Wir blicken zurück und danken dir. Wir danken dir für alles, was du uns in den vergangenen Zeiten, Wochen, Monaten, Jahren geschenkt hast. Wir danken dir für Begegnungen mit Menschen, Menschen die mich sehen, die mir zuhören, mich verstehen und mich berühren. Menschen, die mir nahegekommen sind und denen ich nahegekommen bin. Gespräche, die uns und andere weitergebracht haben, Worte, die ermutigt und Gesten, die getröstet haben.
Wir danken dir für die Möglichkeiten, die wir haben unser Leben zu gestalten.
Wir bitten dich barmherziger Gott, für alle, die mit sich selbst und dem Leben Mühe haben:
Für Menschen, die sich nutzlos und überflüssig vorkommen, die sich wie ein nichts fühlen.
Für Menschen, denen ein Gegenüber fehlt, das Interesse an ihrem Leben, an ihrer Person zeigt.

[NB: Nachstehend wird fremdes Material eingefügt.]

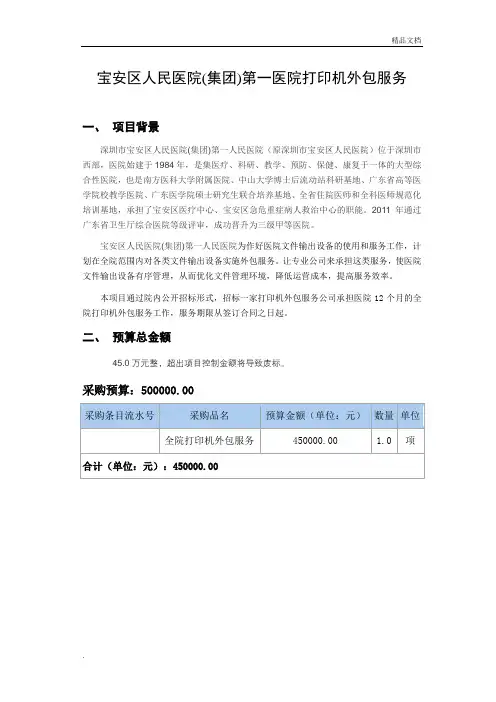 打印机外包服务项目招标参数_宝安区人民医院集团第一人民医院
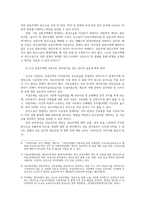 공동주택 아파트 주민 간 층간소음현황과 문제점 해결방안0k-9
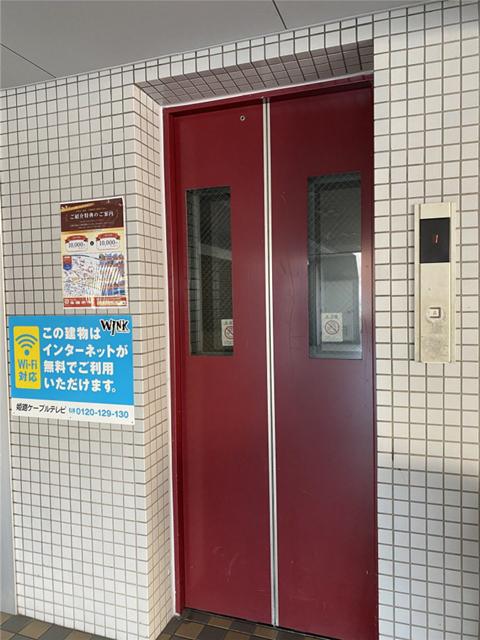 キャッスルコート安室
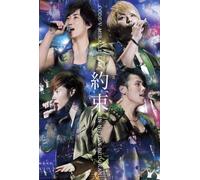 Code V - Code-V Miracle Live In Nippon Budokan (Yakusoku) (2DVDS) [Japan DVD] MUBD-1052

Für Menschen, die Angst haben vor Schmerzen, vor Gebrechlichkeit, vor Hilflosigkeit, vor dem Sterben.
Du Gott kennst sie, du trägst sie. Lass sie das spüren. Öffne uns die Augen und Ohren für ihre Not. Lass sie durch uns, unsere Nähe, unser Interesse an ihnen, unsere Zuwendung, deine Liebe erfahren.
Lass uns alle zuversichtlich nach vorn schauen und gelassen unseren Weg gehen, im Vertrauen darauf dass du uns kennst und wir dich eines Tages so kennen wie du uns jetzt schon kennst.
So denken wir vor dir an unsere Verstorbenen. Sie sind bei Dir geborgen. Wer bin ich? Sie haben nun in dir die Antwort gefunden, in Ewigkeit. Amen.